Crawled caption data
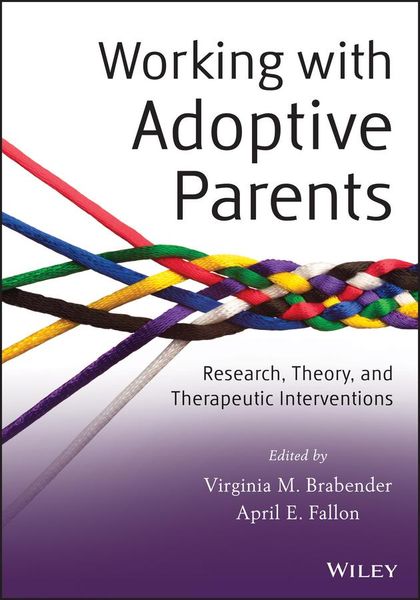 Produktbild: Working with Adoptive Parents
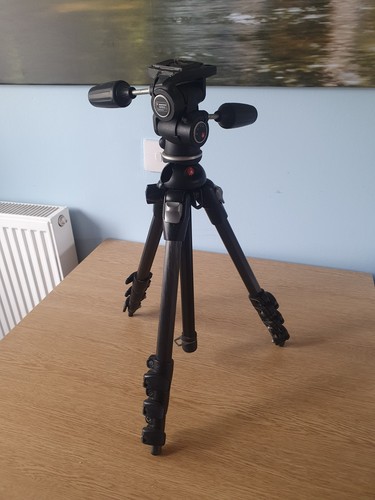 Manfrotto 190mf4 magfiber - manfrotto,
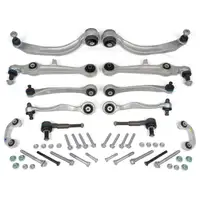 MEYLE HD 1160500029HD Reinforced Control Arm Set for AUDI A4 B5, A6, Passat 3B, Superb 1 (Front)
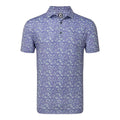 Footjoy Primrose Print Polo Herren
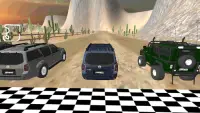 3D Extreme Cars Racing 2020 Screen Shot 1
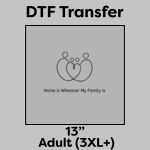 DTF Transfer 13" Thumbnail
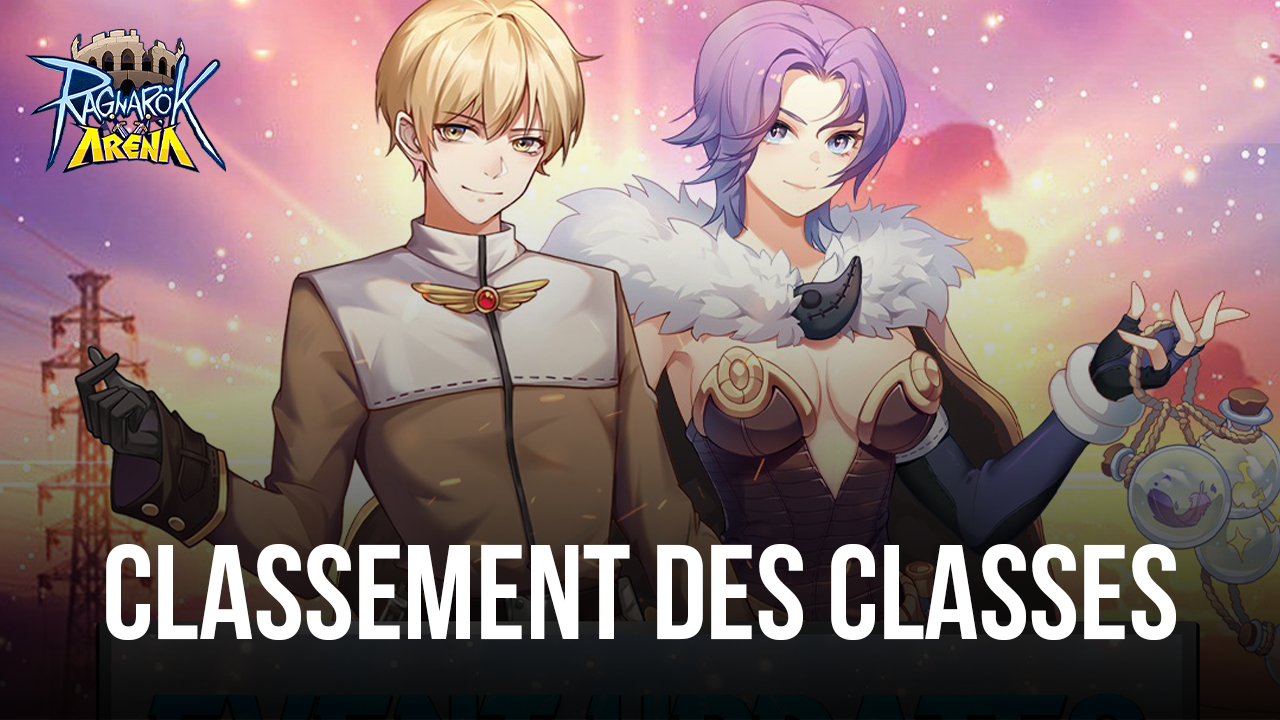 Le Guide des Classes dans Ragnarok Arena – Monster SRPG – Présentation de Toutes les Classes du Jeu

* _Work to complete_:
Pictures do not belong in the copy. Reproduce the rest of the data exactly.

* _Expected output_:
 Produktbild: Working with Adoptive Parents
 Manfrotto 190mf4 magfiber - manfrotto,
 MEYLE HD 1160500029HD Reinforced Control Arm Set for AUDI A4 B5, A6, Passat 3B, Superb 1 (Front)
 Footjoy Primrose Print Polo Herren
 3D Extreme Cars Racing 2020 Screen Shot 1
 DTF Transfer 13" Thumbnail
 Le Guide des Classes dans Ragnarok Arena – Monster SRPG – Présentation de Toutes les Classes du Jeu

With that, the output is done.